• _What you are asked to do_: Make an exact copy of the records below, leaving every image out.

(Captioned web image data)
======
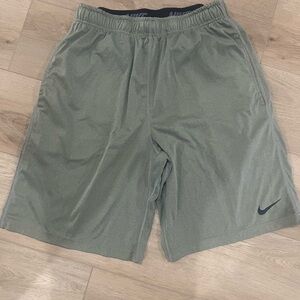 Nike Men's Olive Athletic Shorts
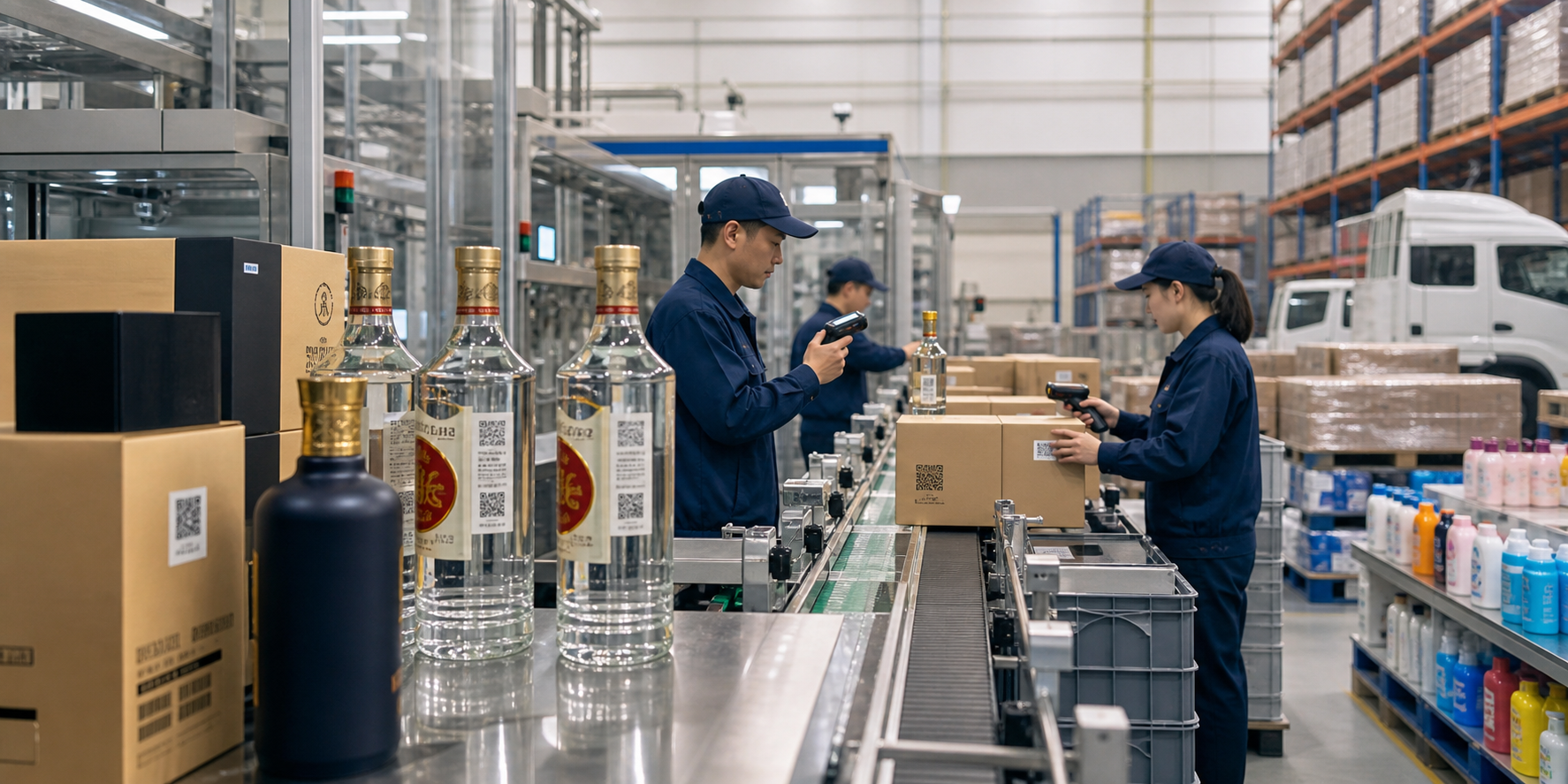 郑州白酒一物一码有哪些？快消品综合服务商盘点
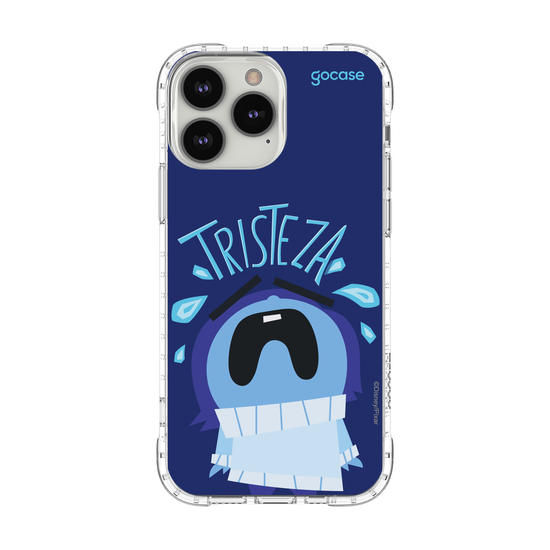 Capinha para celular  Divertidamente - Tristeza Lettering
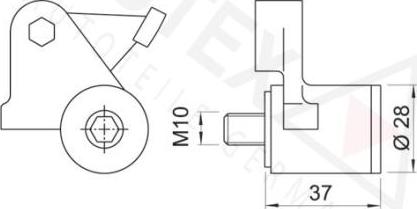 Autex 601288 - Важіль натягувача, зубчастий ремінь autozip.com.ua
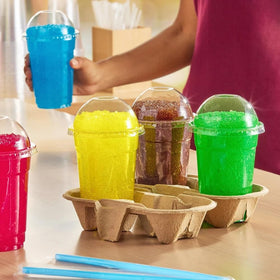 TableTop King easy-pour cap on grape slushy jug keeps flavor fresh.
======
• _Output of the exercise_:
 Nike Men's Olive Athletic Shorts
 郑州白酒一物一码有哪些？快消品综合服务商盘点
 Capinha para celular  Divertidamente - Tristeza Lettering
 Autex 601288 - Важіль натягувача, зубчастий ремінь autozip.com.ua
 TableTop King easy-pour cap on grape slushy jug keeps flavor fresh.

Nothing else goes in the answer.